(Caption-style text data)
☆ ☆ ☆ ☆
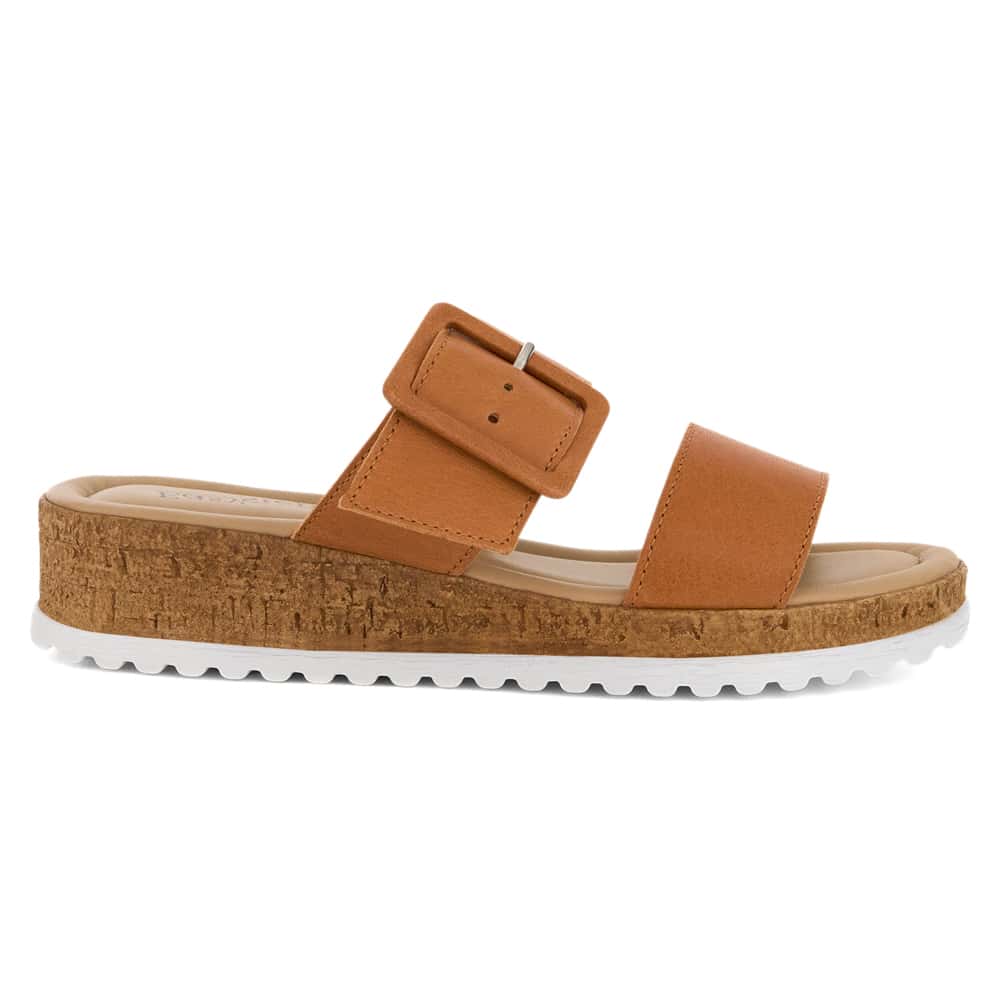Isla Wedge in Tan Leather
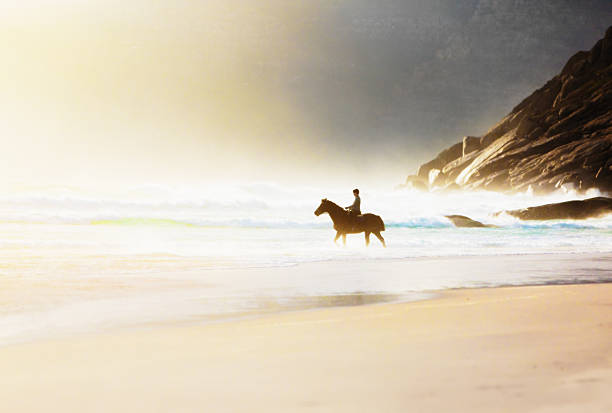 Horseback rider on beautiful deserted beach in misty pastel colors Almost silhouetted, a woman walks her horse through the surf. It's late afternoon on a hazy winter's day on this idyllic deserted beach, making sun, sea, and sand blur in a mist of pastel shades, resembling a watercolour painting.  Ample copy space. kommetjie stock pictures, royalty-free photos & images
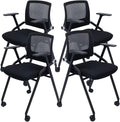 4 Pack Foldable Office Chairs with Wheels, Mesh Back, Arms and Portable - Folding Office Chairs for Conference Room Chair, Office Guest & Reception & Meeting Chair - (Black) 300 lbs.
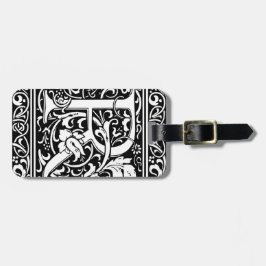 Letter R Mittelalterliche Monogram Art Nouveau Gepäckanhänger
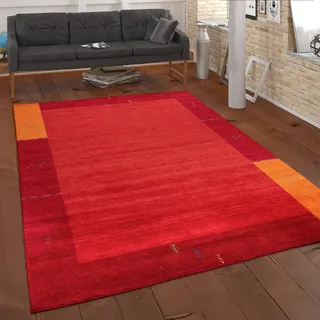 Paco Home Gabbeh Hochflorteppich 120 x 170 cm Orange/Rot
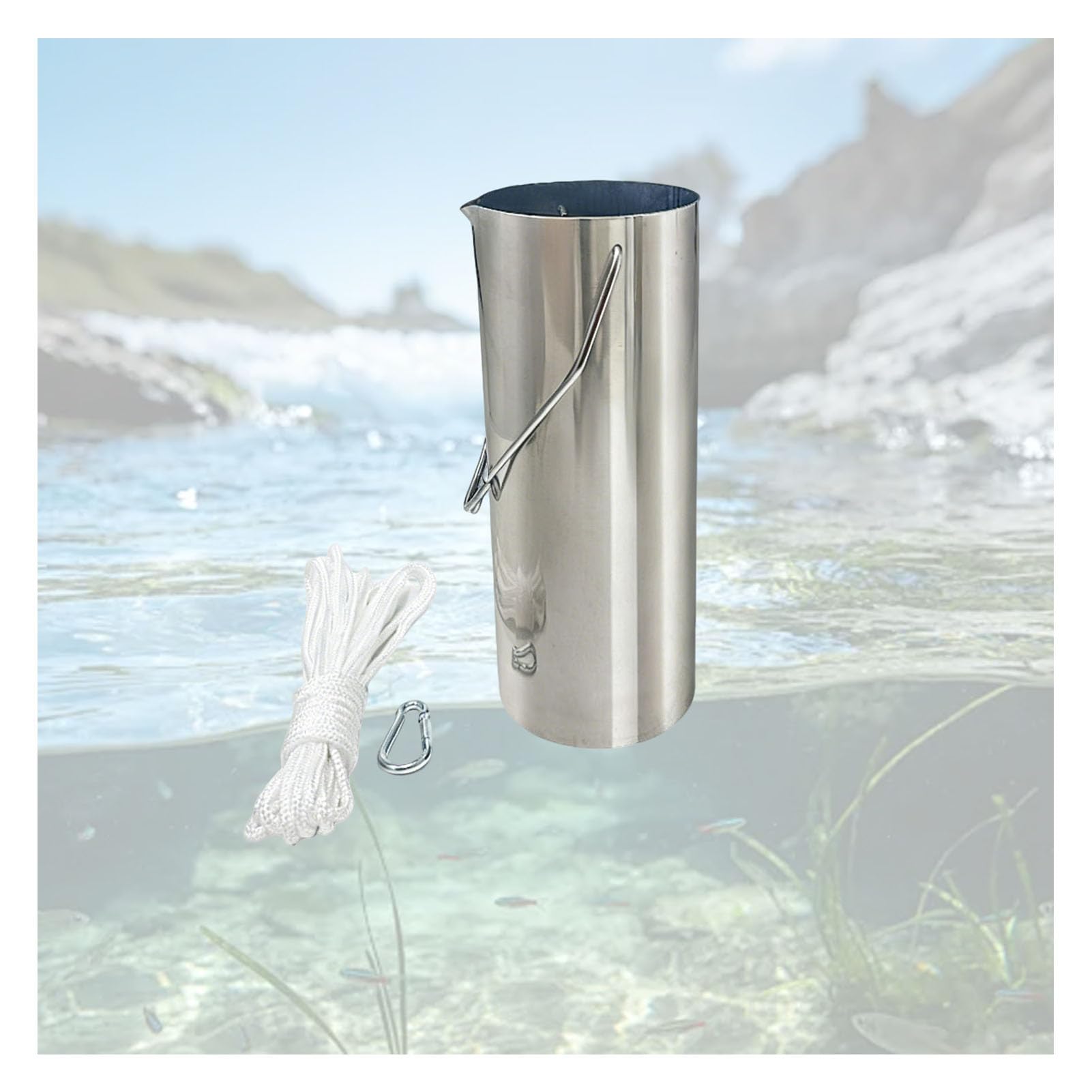 Cubo De Muestreo De Acero Inoxidable De Pared Gruesa,Recipiente Profesional para Ríos Lagos Y Aguas Residuales para Análisis De Calidad del Agua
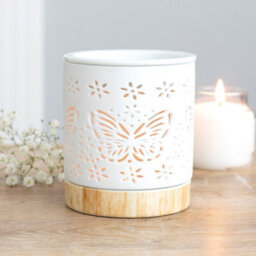 Ceramic Cut Out Butterfly Design Oil Burner (H) 11 Cm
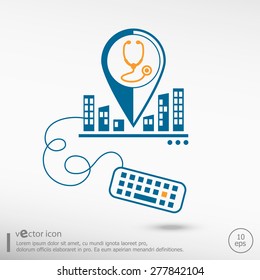 Stethoscope  icon and keyboard. Line icons for application development, creative process.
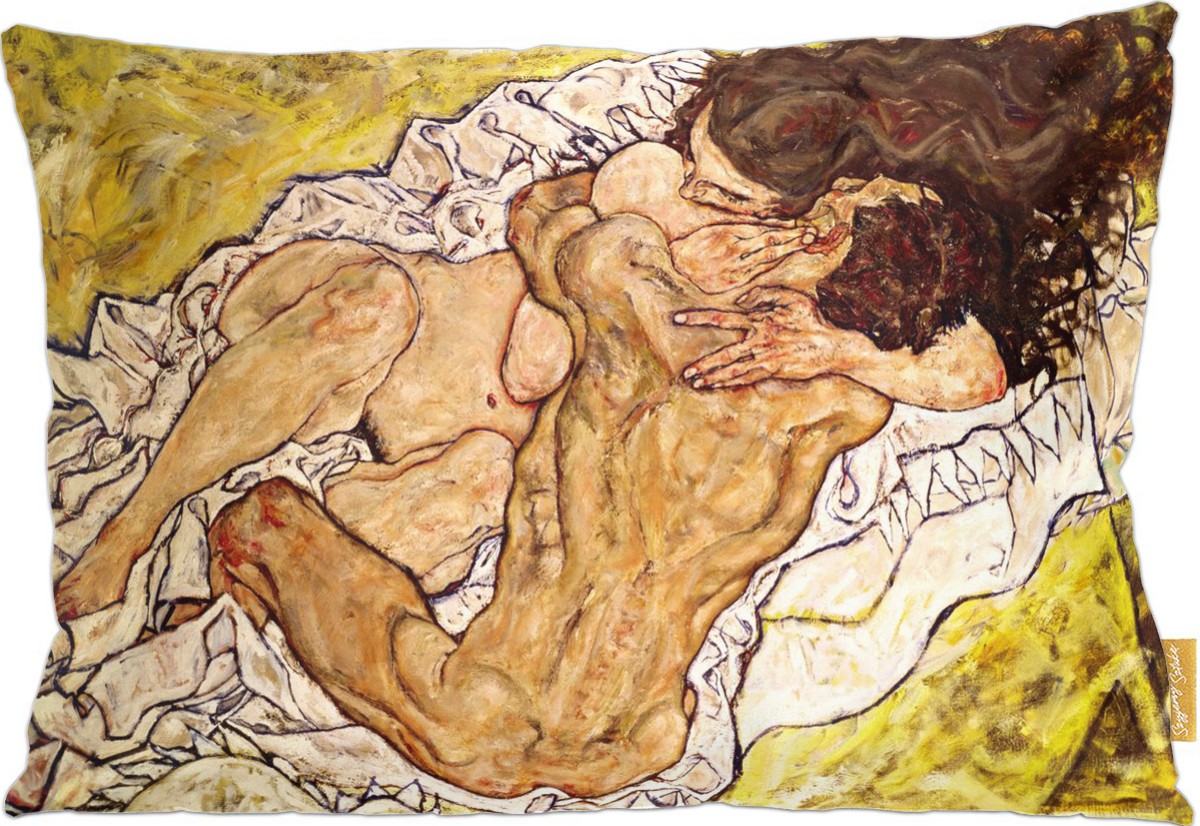 Poduszka dekoracyjna na prezent z obrazem The Embrace (1917) Egon Schiele Szyjemy Sztukę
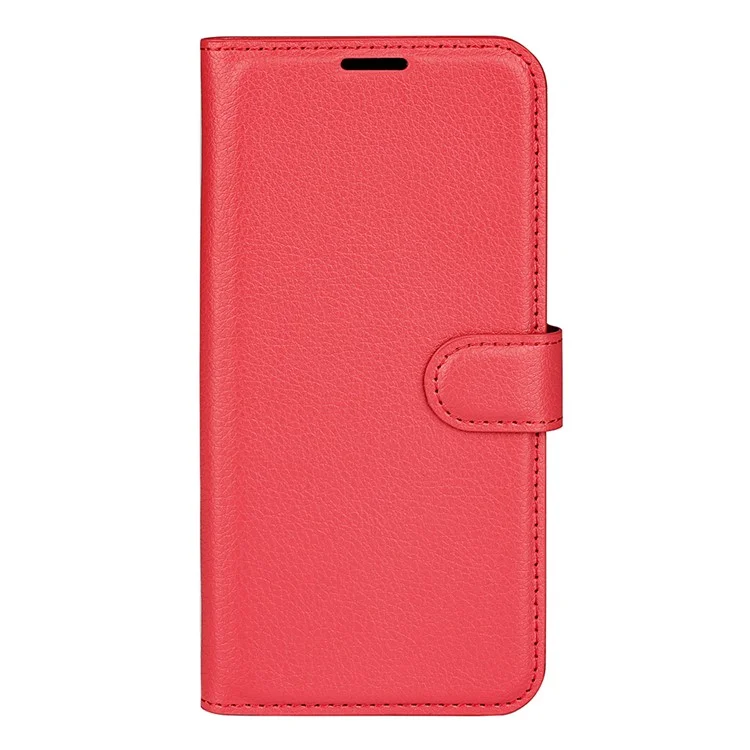 Solid Color Litchi Texture Scratch-resistant PU Leather Stand Wallet Flip Protective Phone Cover for Samsung Galaxy M22 - Red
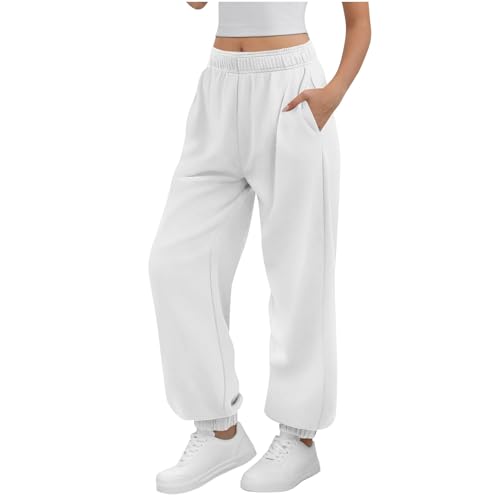 Baggy Jogginghose Damen Jogger Lang Sweathose Weites Bein Sporthose Elastisch Lässige Hose mit Taschen und Kordelzug Bequeme Activewear Herbst Winter Trainingshose Breite Hosen Freizeithose von Generisch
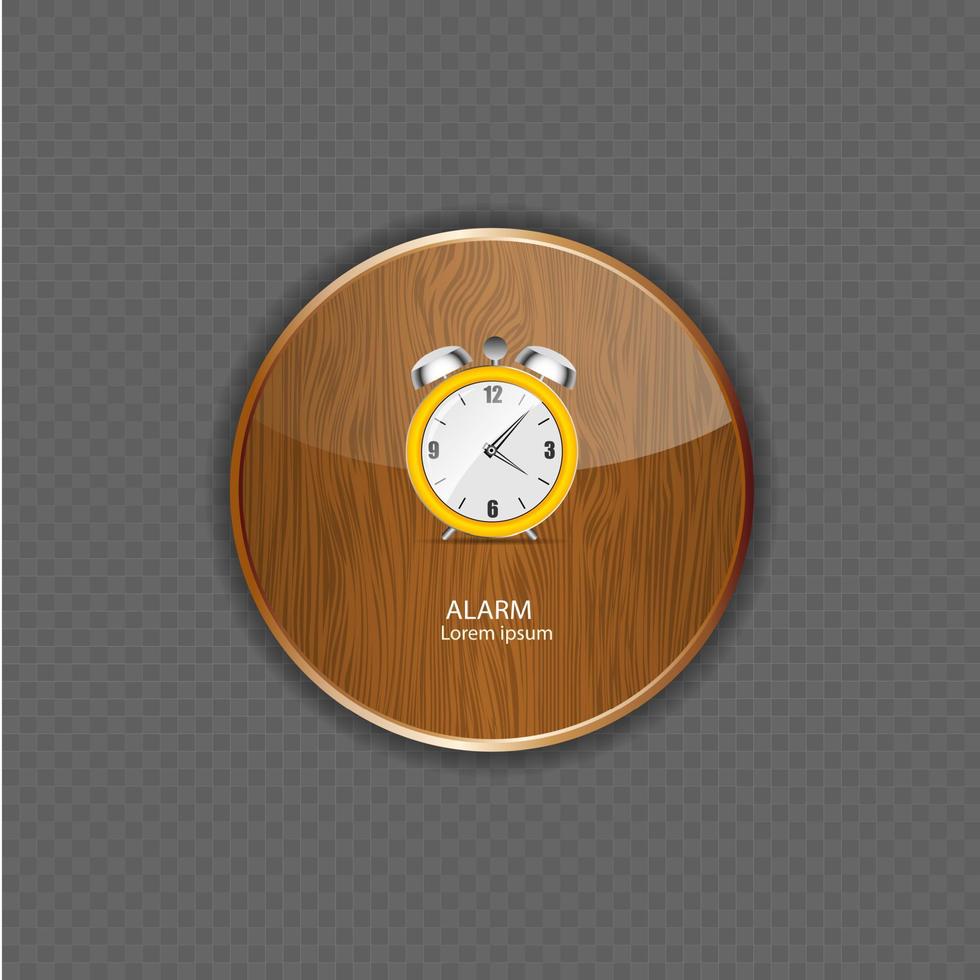 Watch wood application icons vector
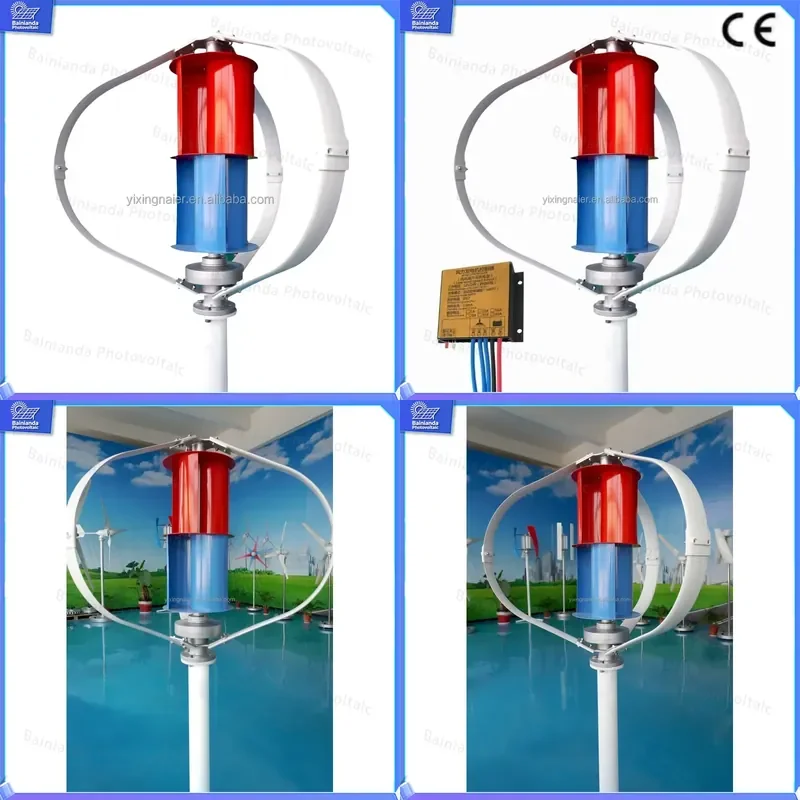 300W 400W Vertical Axis Wind Turbine Generator Kit with Charge Controller Outdoor Solar Wind Hybrid Power System for Home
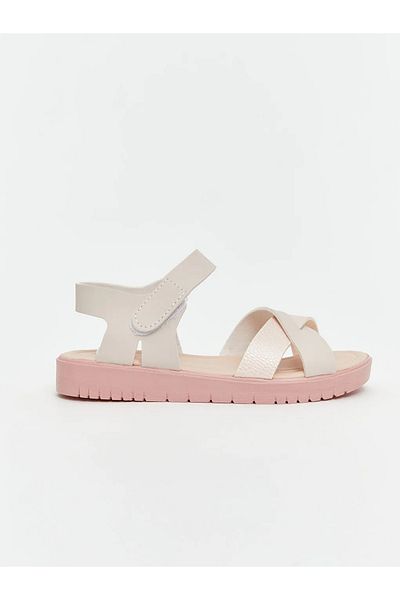 LC Waikiki Lcw Steps Pink Cross-Strapped Velcro Girls Sandals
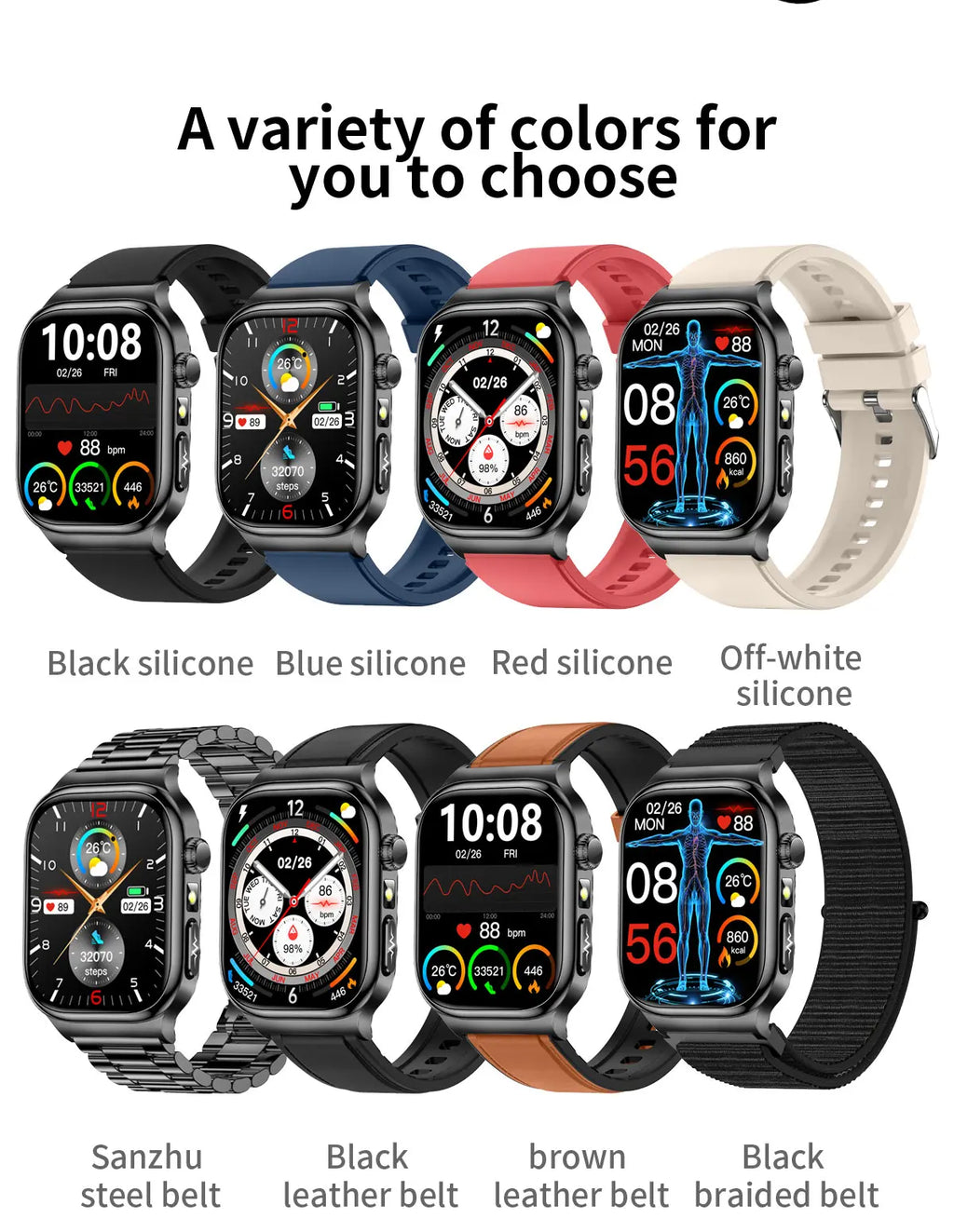 2026 New ECG Heart Health Analysis Smart Watch Accurate Uric Acid Blood Pressure Body Fat Five organ Fitness Health Smart Watch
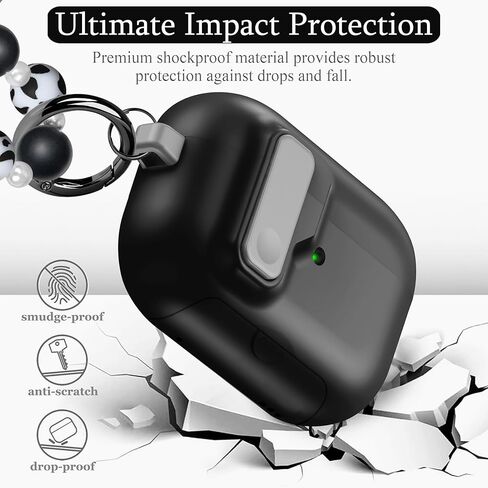 متوافق مع AirPods Pro الجيل الثالث، لحافظة Airpod Pro 3 2025 مع قفل، تصميم غطاء تلقائي منبثق للحماية الكاملة من السقوط مع سلسلة مفاتيح للنساء، قوس أرجواني in Kuwait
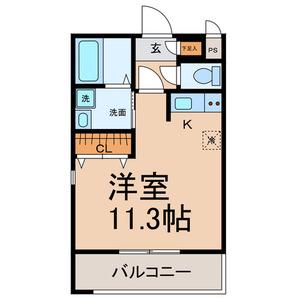 カトル・セゾンK(ワンルーム/4階)の間取り写真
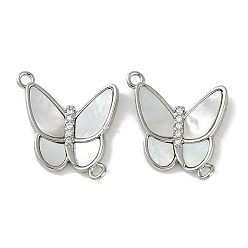 Платина Латунные прозрачные кубические цирконии паве натуральные ракушки бабочка соединительные подвески, без кадмия, без никеля и без свинца, платина, 21.5x17x3 мм, отверстие : 1.6 мм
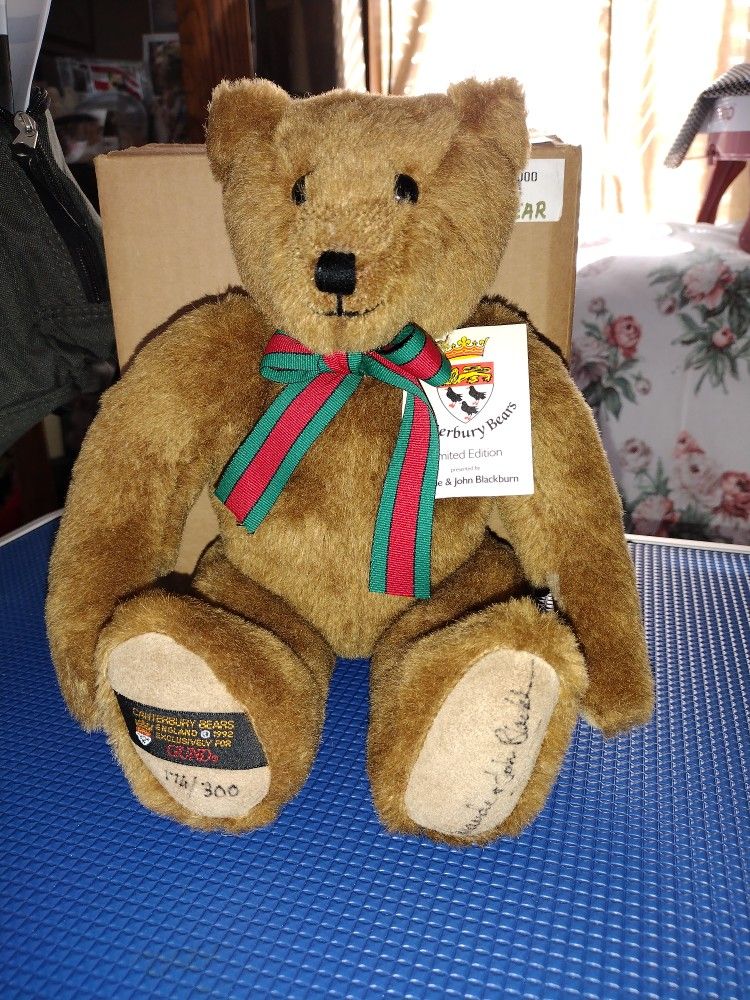 Limited Edition Canterbury Bear England 1992 Exclusively For Gund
☆ ☆ ☆ ☆
* _WORK INSTRUCTION_
What is needed is an exact copy of the lines from the line with "2026 New ECG" to the end of the data above, both included, without any pictures.

* _EXPECTED ANSWER_
 2026 New ECG Heart Health Analysis Smart Watch Accurate Uric Acid Blood Pressure Body Fat Five organ Fitness Health Smart Watch
 متوافق مع AirPods Pro الجيل الثالث، لحافظة Airpod Pro 3 2025 مع قفل، تصميم غطاء تلقائي منبثق للحماية الكاملة من السقوط مع سلسلة مفاتيح للنساء، قوس أرجواني in Kuwait
 カトル・セゾンK(ワンルーム/4階)の間取り写真
 Платина Латунные прозрачные кубические цирконии паве натуральные ракушки бабочка соединительные подвески, без кадмия, без никеля и без свинца, платина, 21.5x17x3 мм, отверстие : 1.6 мм
 Limited Edition Canterbury Bear England 1992 Exclusively For Gund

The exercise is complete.